▸ **Your assignment**
Your answer should be every line of the entries that has the string "image" in it.

++++ Source information ++++

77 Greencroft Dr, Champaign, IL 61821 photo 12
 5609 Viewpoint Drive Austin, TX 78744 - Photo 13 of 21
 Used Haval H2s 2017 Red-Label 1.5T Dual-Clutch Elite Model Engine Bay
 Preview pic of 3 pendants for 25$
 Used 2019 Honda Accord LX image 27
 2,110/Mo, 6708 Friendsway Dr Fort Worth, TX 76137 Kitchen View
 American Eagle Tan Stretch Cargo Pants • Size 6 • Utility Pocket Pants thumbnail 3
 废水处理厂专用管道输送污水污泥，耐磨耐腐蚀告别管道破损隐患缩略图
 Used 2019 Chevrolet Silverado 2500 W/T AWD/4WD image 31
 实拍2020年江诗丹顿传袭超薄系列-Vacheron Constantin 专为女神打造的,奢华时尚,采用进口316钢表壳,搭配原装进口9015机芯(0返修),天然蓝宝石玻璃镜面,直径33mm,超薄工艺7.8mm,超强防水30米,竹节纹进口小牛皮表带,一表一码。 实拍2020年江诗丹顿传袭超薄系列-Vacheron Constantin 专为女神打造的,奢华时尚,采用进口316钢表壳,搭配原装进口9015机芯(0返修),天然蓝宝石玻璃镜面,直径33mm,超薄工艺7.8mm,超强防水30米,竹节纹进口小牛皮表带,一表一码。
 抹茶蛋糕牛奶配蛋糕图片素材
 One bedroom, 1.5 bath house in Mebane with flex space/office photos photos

++++

▸ **Completed task**
 Used 2019 Honda Accord LX image 27
 Used 2019 Chevrolet Silverado 2500 W/T AWD/4WD image 31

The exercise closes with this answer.